** Task item **
How do the lines below between the ones holding "Kenya Palestine Hands" and "MDEKOR Gardinenstange 2", inclusive, read? Give them again exactly, with no other lines.
===== Records shown =====
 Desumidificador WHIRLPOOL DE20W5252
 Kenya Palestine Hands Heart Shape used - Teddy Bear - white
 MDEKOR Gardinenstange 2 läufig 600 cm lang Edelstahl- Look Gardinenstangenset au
=====
===== Records shown =====
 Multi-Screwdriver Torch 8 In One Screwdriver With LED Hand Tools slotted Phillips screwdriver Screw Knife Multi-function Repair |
=====
===== Records shown =====
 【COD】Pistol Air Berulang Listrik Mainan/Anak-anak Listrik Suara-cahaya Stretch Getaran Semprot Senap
=====
** Answer to this exercise **
 Kenya Palestine Hands Heart Shape used - Teddy Bear - white
 MDEKOR Gardinenstange 2 läufig 600 cm lang Edelstahl- Look Gardinenstangenset au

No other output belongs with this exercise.